(Short web captions)
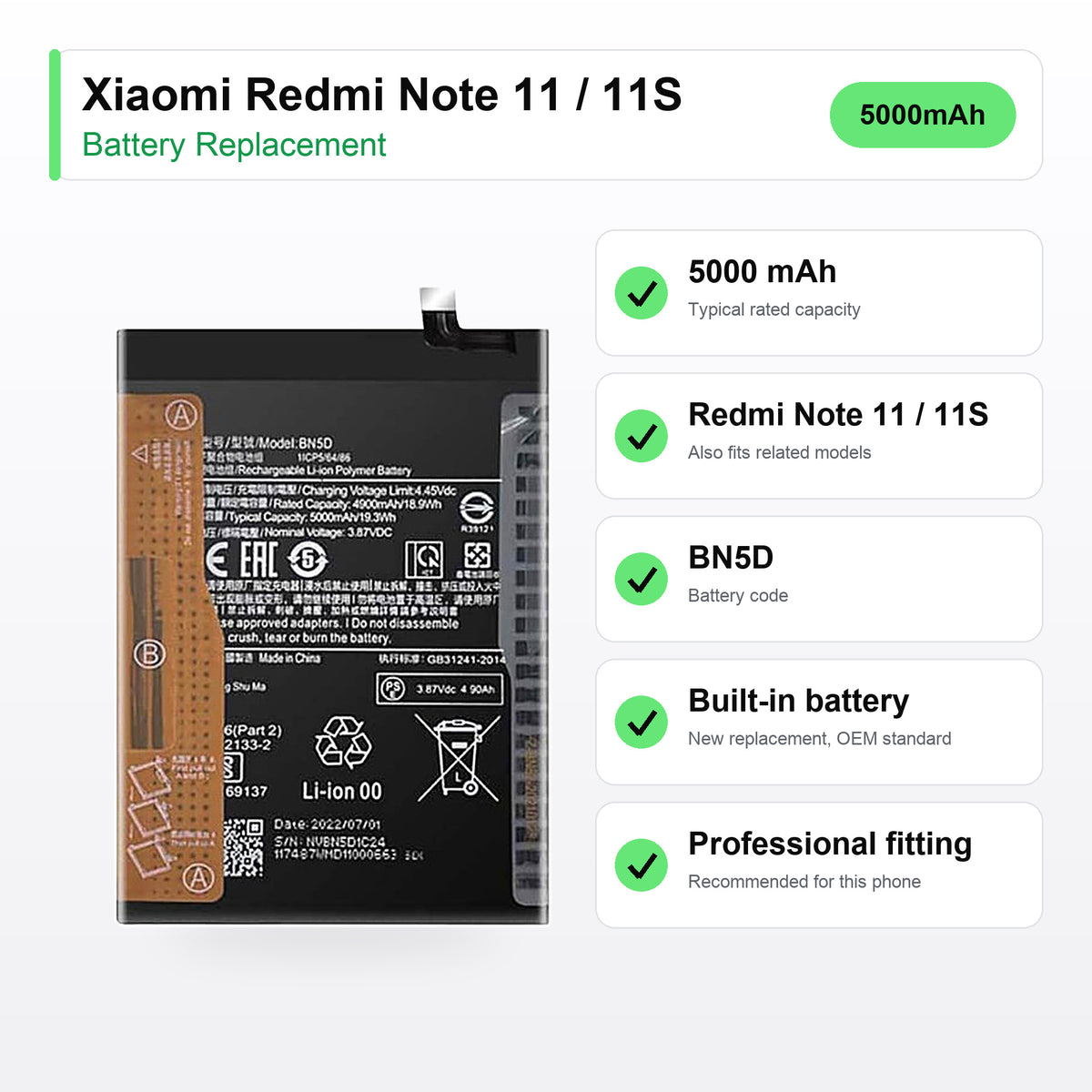 Xiaomi Redmi Note 11 / 11S battery replacement specs: 5000 mAh, battery code BN5D
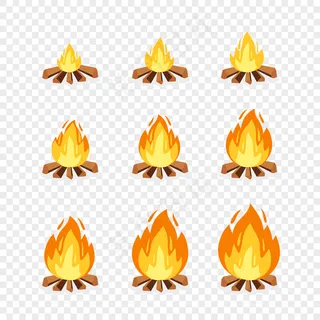 一组营火精灵的动画。卡通插图篝火燃烧框架。爆炸，火炬，火焰，篝火游戏设计的透明背景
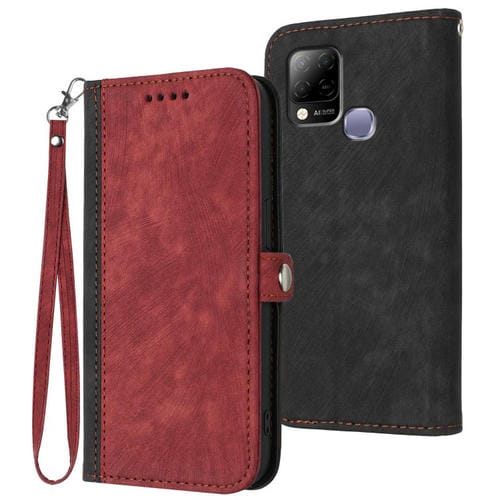 Funda de Cuero para Infinix Hot 10T y Hot 10S con Correa Plegable y Hebilla Lateral (Rojo)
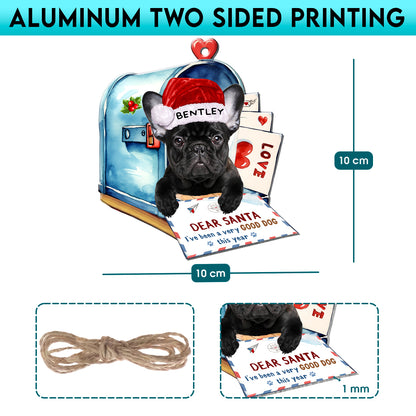 Personalized Black French Bulldog In Mailbox Christmas Aluminum Ornament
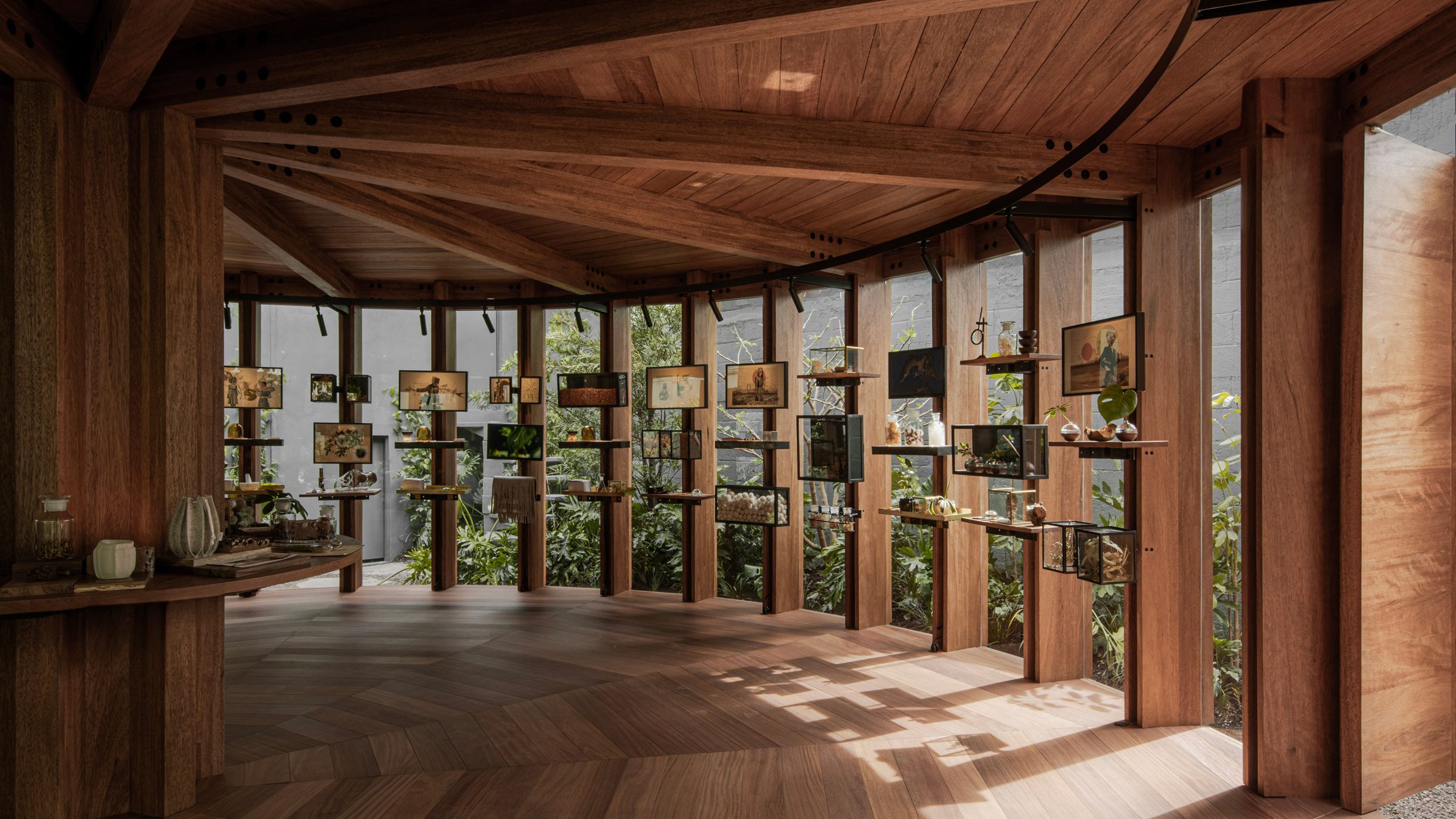 Esrawe + Cadena house Xinú fragrance boutique within radial pavilion - Vimarsana News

Task details ::
Set down exactly, with no additions, each line from the line that includes "Personalized Black French" to the final line of the entries above; leave pictures out.

Expected answer ::
 Personalized Black French Bulldog In Mailbox Christmas Aluminum Ornament
 Esrawe + Cadena house Xinú fragrance boutique within radial pavilion - Vimarsana News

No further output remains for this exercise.